うるわしきあさも 阪田寛夫短篇集 (講談社文芸文庫)

うるわしきあさも 阪田寛夫短篇集 (講談社文芸文庫)

しぐれに続き、タイトル買いです。あ、あと文芸文庫でもあるので買いました。高いけど。「サッちゃん」などの童謡作家としてしか認識がなかったのですが、童謡だけに限らず、すばらしい作家だなと思いました。いきなり「平城山」でブラックな短篇で始まり、戦時中から熱心なクリスチャンであった両親の話や、作曲家の叔父と従兄弟の話など家族を題材にした作品があり、「陽なたきのこ」のような、ベテランの女性教師と子ども達の物語など、童謡作家を髣髴とさせるものもありと盛りだくさんです。個人的には「日本の童謡」が一番良かったかな。偏屈な童謡作家の人生を主人公の眼を通して淡々と描かれる暗く、でもとても穏やかな作品。まったくもってして外さないわけですよ。短編集でもなんでも、とにかく作品のチョイスが見事。文芸文庫の編集者にお礼が言いたいぐらいだわ。ええ。

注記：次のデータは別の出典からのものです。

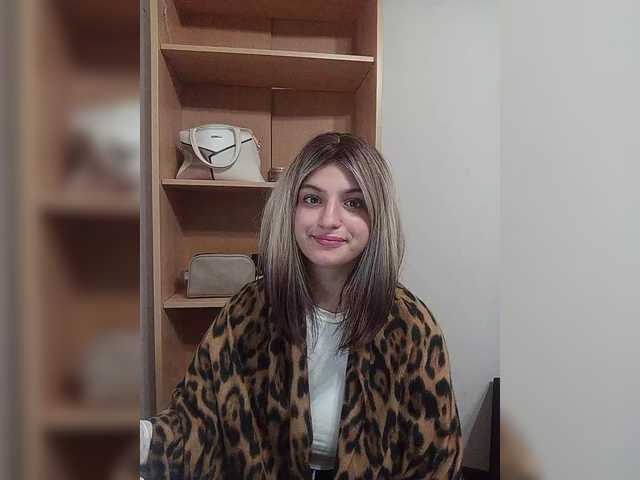 Sonyagasay live cam on BongaCams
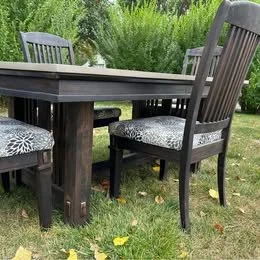 Table and chairs4.jpg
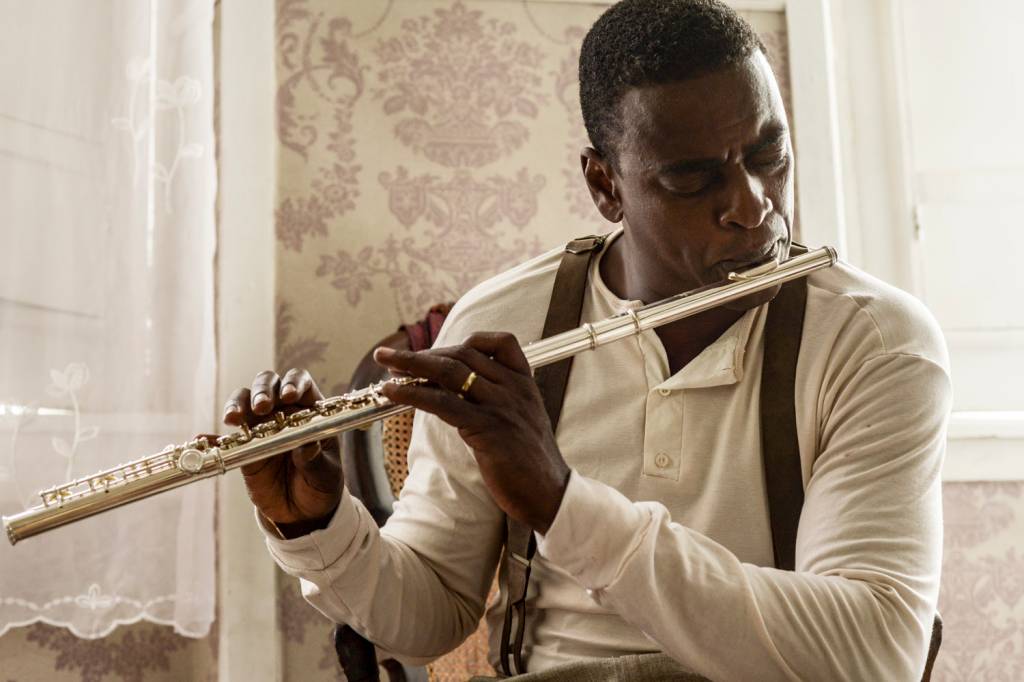 “É importante resgatar nossos personagens”, diz Seu Jorge, sobre Pixinguinha e Marighella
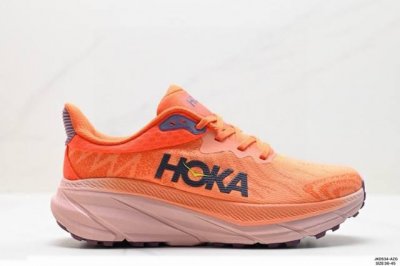 公司级小红书推荐hoka M Challenger Atr 7全新配色 这个品牌来自于新西兰的毛利语，Hoka表示大地，One One表示飞越，连起来就是飞越地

話は変わって、先日シャク子(JG改めシャク子)さんと乃木神社へ行きました。会社が移転して、乃木坂がとても近くなったので、ちょっと行って見ましょうよということになったのですが、いや、その前になんか夜、シャク子殿と食事をしているときに、なんの話の流れであったかは忘れましたが乃木将軍の話が出たので行ったのでした。旧乃木邸の佇まいが、豪華な作りでもなく、ほんとにひっそりと建っているので、実に淋しいお家に見えました。昔は中に入れたそうですが、今は外から家の中の様子を見ることができます。乃木夫妻が自決した部屋は小さな畳の部屋で、ソワっとしました。や、サワっとした?かといってゾワっという感じではなく、ま、どうでもいいんすけど、なんかそんな感じがしました。神社にお参りをして、遺品の展示室があったのでそこも見て帰りました。これもまた控えめな展示室で、これ見よがしでないのがかえって感動しましたわ。ええ、わたしまけましたわ。